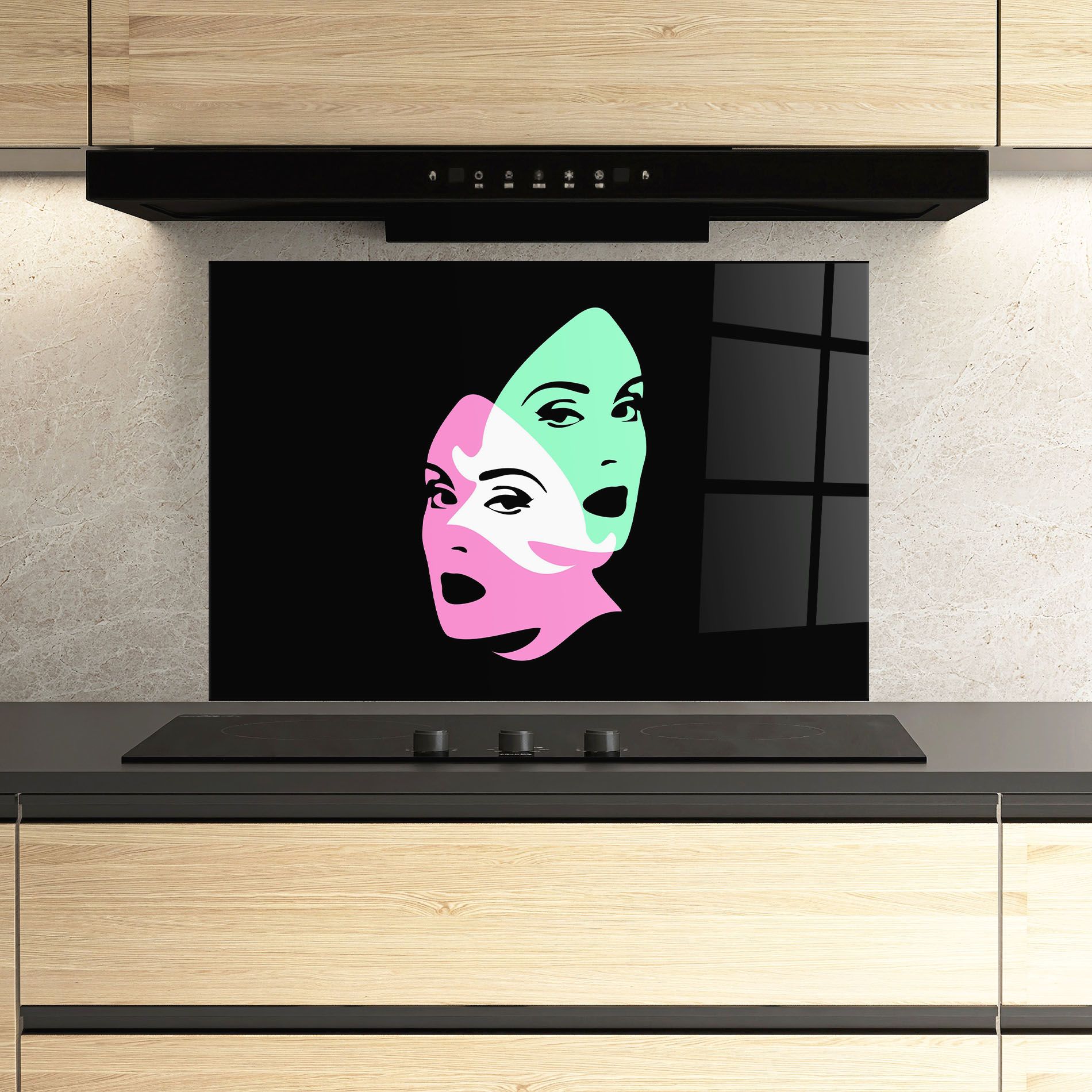 Exposure Portrait mockup 3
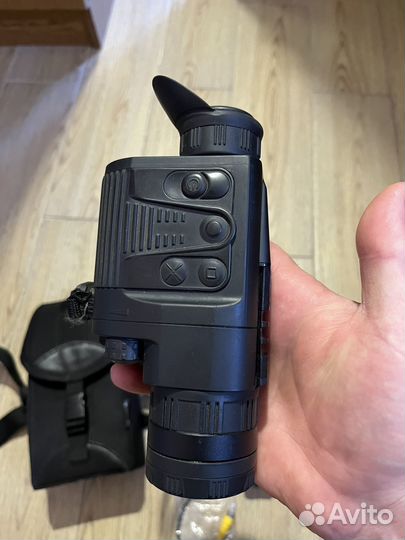 Тепловизор pulsar quantum Lite XQ30V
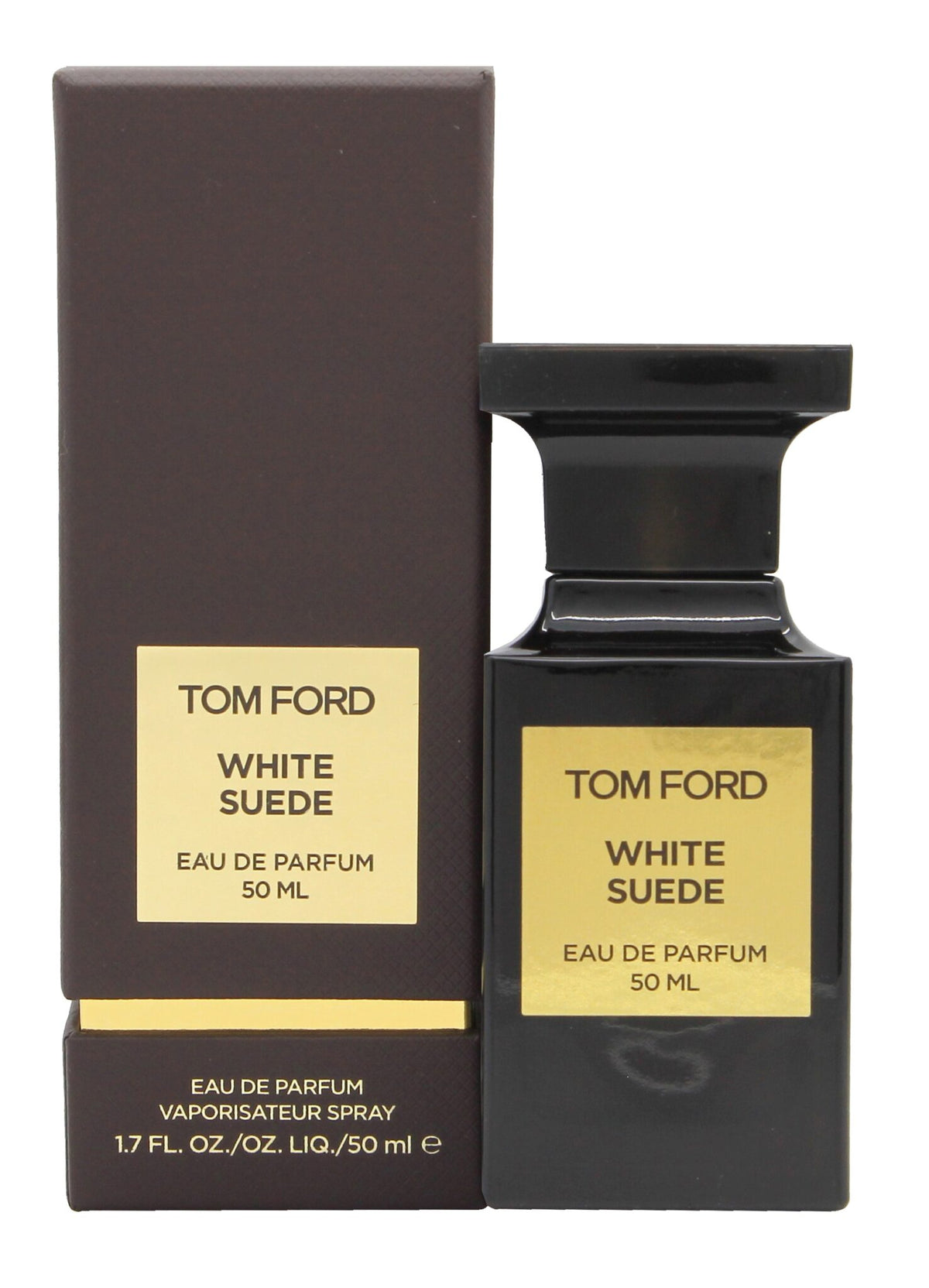 Tom Ford Private Blend White Suede Eau de Parfum 50ml Spray - PerfumezDirect®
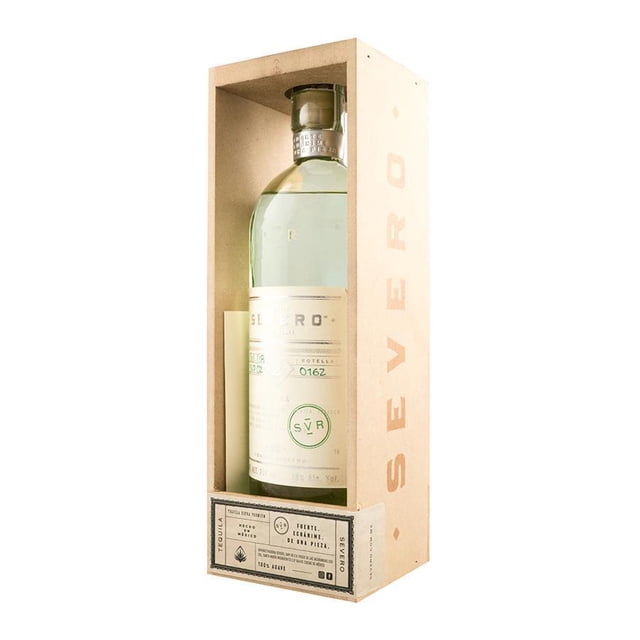Paquete de 3 Tequila Severo Reposado 750 ml Severo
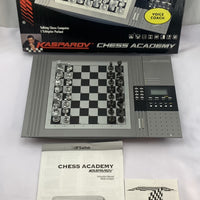 Saitek Kasparov Chess Academy Talking Chess Tudor - New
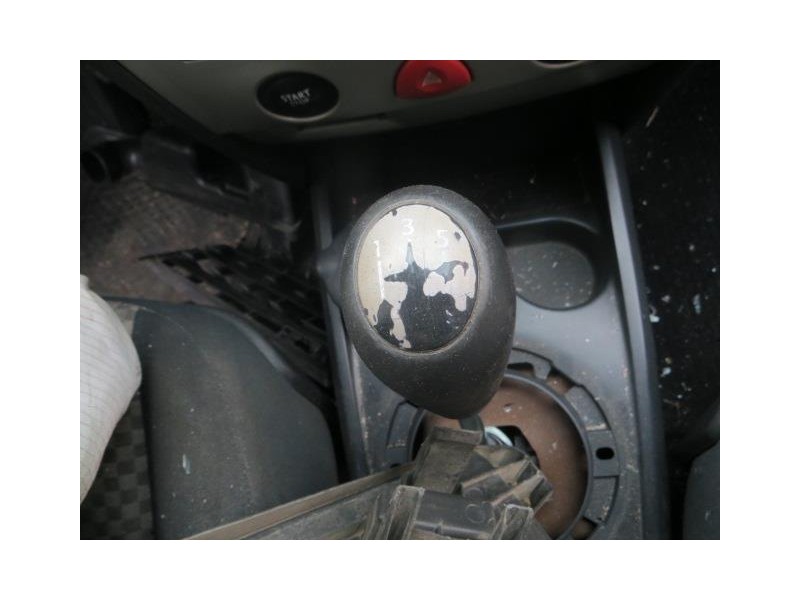 renault megane del año 2003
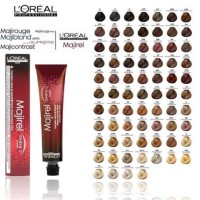 L Oreal Hair Color Chart Philippines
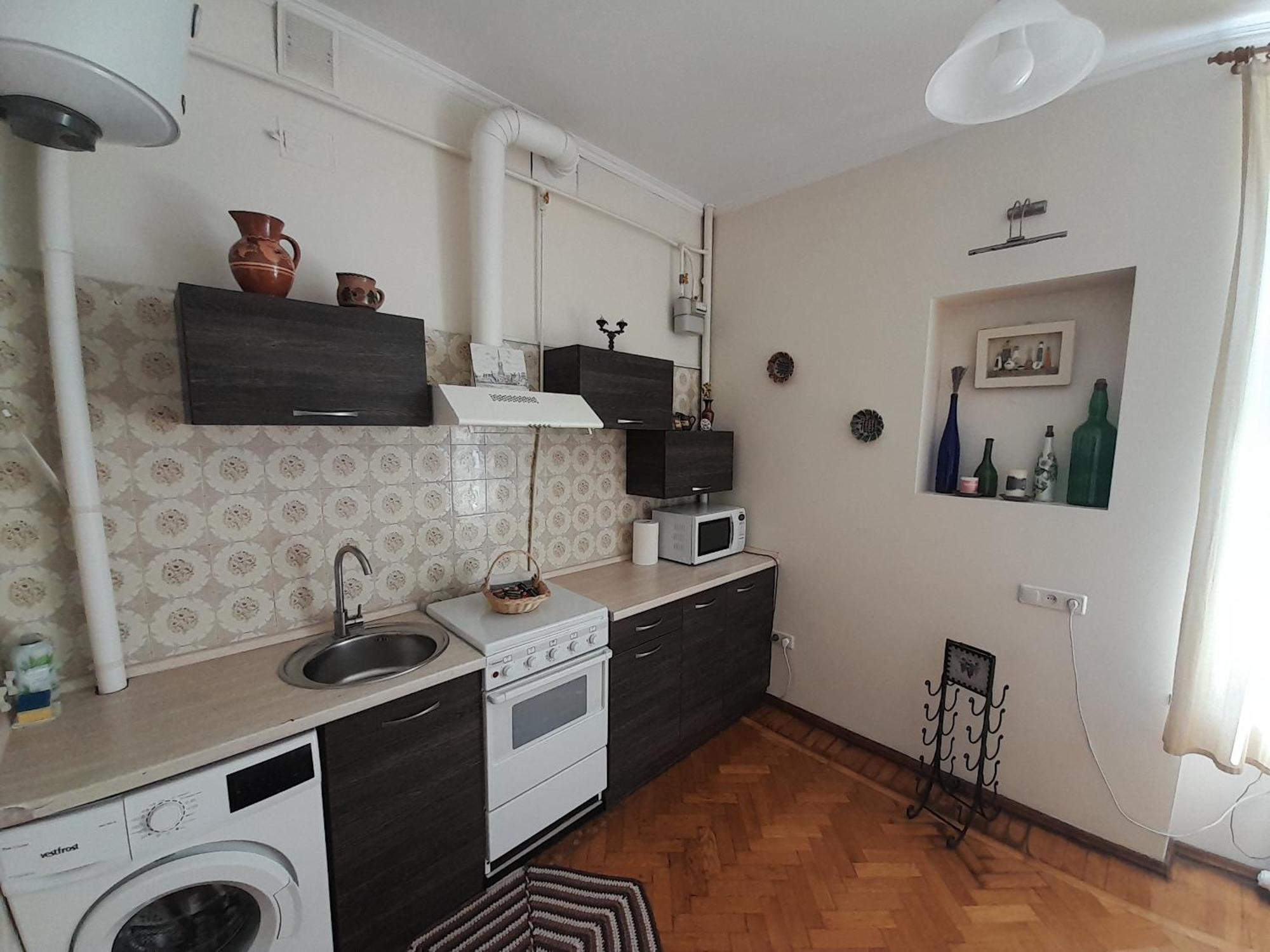 Apartment On Hretska 26/28 敖德萨 外观 照片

_ _ _ _

● **What is expected**
The output should be the lines from the one with "Paquete de 3" through the end of the material above, both ends included, printed exactly and nothing else. Drop the pictures.

● **Result of the task**
Paquete de 3 Tequila Severo Reposado 750 ml Severo
 Saitek Kasparov Chess Academy Talking Chess Tudor - New
 renault megane del año 2003
 L Oreal Hair Color Chart Philippines
 Apartment On Hretska 26/28 敖德萨 外观 照片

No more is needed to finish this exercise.